Well, the latest shot across the First Selectman's bow comes in the form of a new bumper sticker that reads "FLASH". The small print informs us that this stands for "Friends of Law Enforcement Against Selectman Harassment". Okay, fair enough. But Lash sees a hidden meaning, as he confided to the Yellowwich Time yesterday: to him it reads F*** Lash.

Oh, my! Did you spot the hidden meaning, dear reader? Did the naughty policemen use a bad word, or does Lash have a hyperactive imagination? And does anyone even care?

Nevertheless, the pissing contest between the cop shop and Town Hall has ratcheted upwards, and it remains to be seen what may be the fallout of displaying the new bumper sticker. Naturally, your scribe always takes a first-hand interest in these things, and so he went into the station yesterday to report a missing bumper sticker. What he meant to imply, of course, was that his bumper was missing this particular sticker, and the cops on duty quickly got the drift. He was told that they were not available through on-duty personnel, but that arrangements might be made with an off-duty officer to provide him with some. Hey - whatever works, right? (Actually, one has to admire the professionalism of the men on duty for adhering to a high ethical standard regardless of their well-known and widely-reported view of the First Selectman.)

And so it is that I am now the proud possessor of a modest supply of FLASH bumper stickers. And, like Prufrock, I hesitate: do I dare to eat a peach?

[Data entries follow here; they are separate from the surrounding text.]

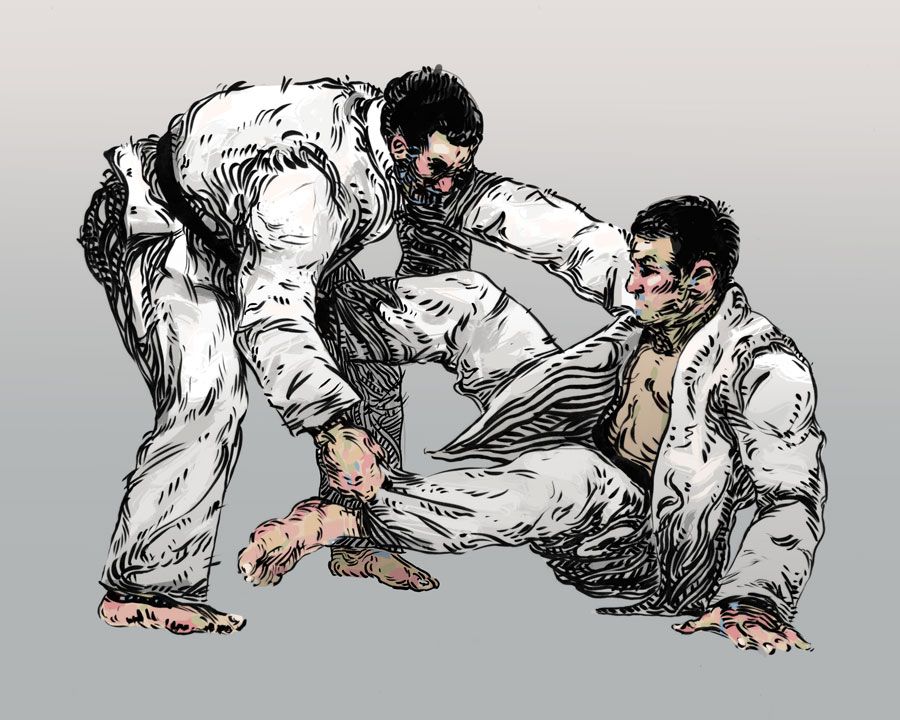 Pin By Daho Samir Amrane On Martial Arts Taekwondo Tattoo Bjj Tattoo Pin By Daho Samir Amrane On Martial Arts Taekwondo Tattoo Bjj Tattoo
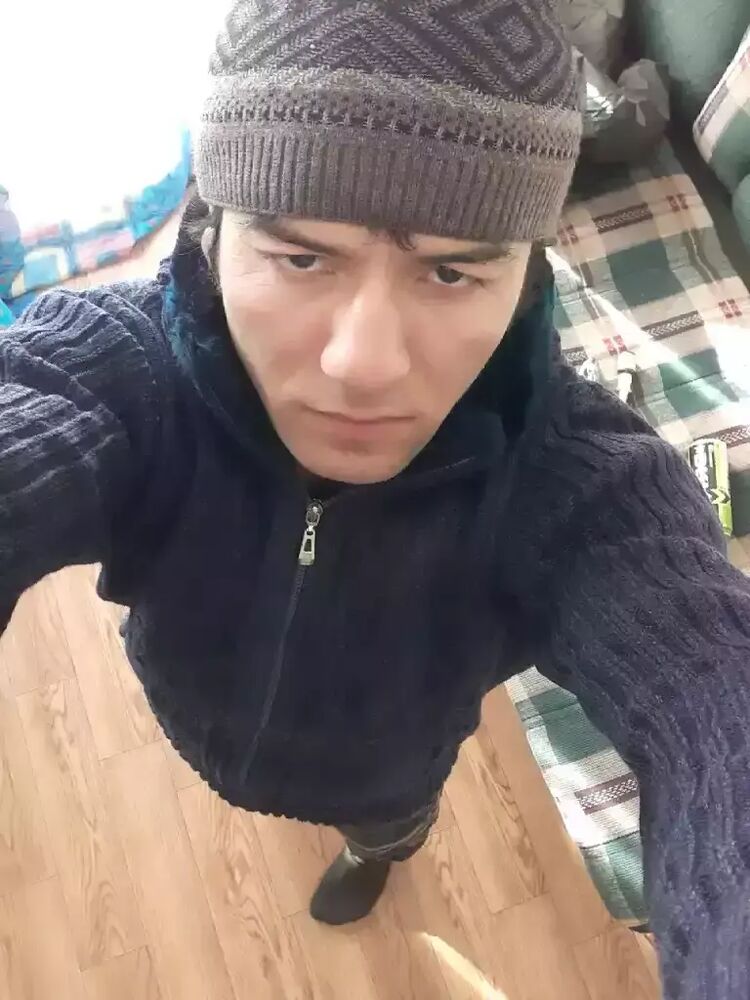 ���� 25503232 ������� ����, 32 ����, ���� ���������� � ������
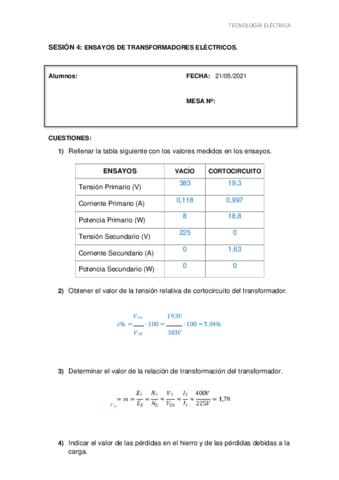 Practica-4.pdf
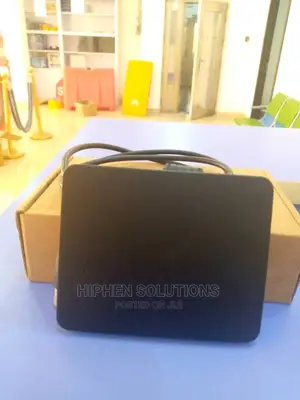 Lock Card Reader System Encoder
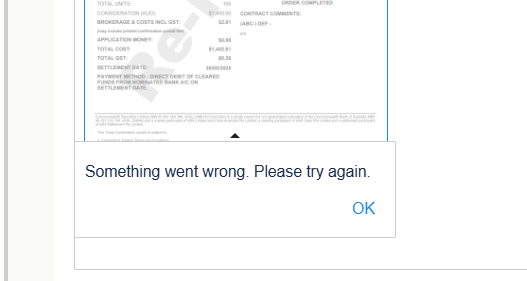 Screenshot 2025-05-29 120036.png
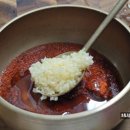 양푼이비빔밥 이미지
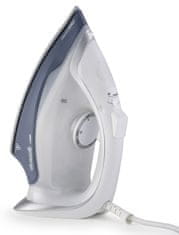 Gorenje SIK2600WB parni likalnik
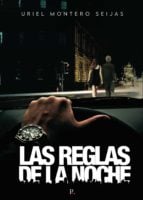 media/pim/56_metadata-image-67317615.jpeg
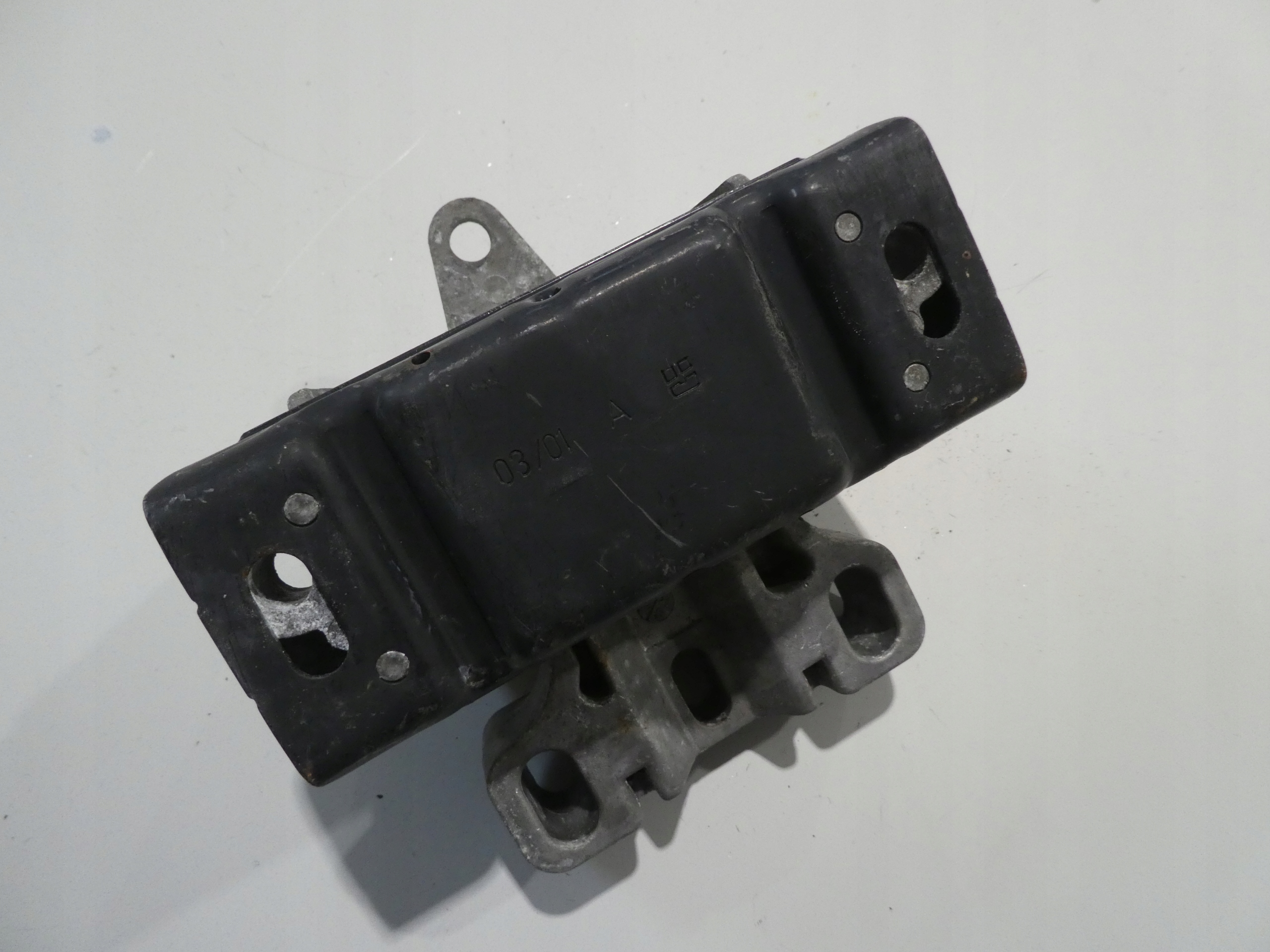 VW AUDI SKODA airbag supporto 1J0199555AJ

No problemo - I've always had a good crop of hair on top. But affix a bumper sticker? Aye, there's the rub, to switch spokespersons. I shall inspect the tea leaves, check the omens, and consult the stars (the real ones) before making the momentous decision. But one thing is reasonably certain: I believe if I were to cross the Rubicon, as it were, I would be better treated by the cops on the beat, and more likely to incur the rancor of the two Jimmies.

Well, maybe the latter wouldn't be such a terrible thing. They say, as you know, that you can tell a man by his enemies; and given the number of people in town who despise the Jimmies, it might be a good way of showing that I'm on the side of the angels.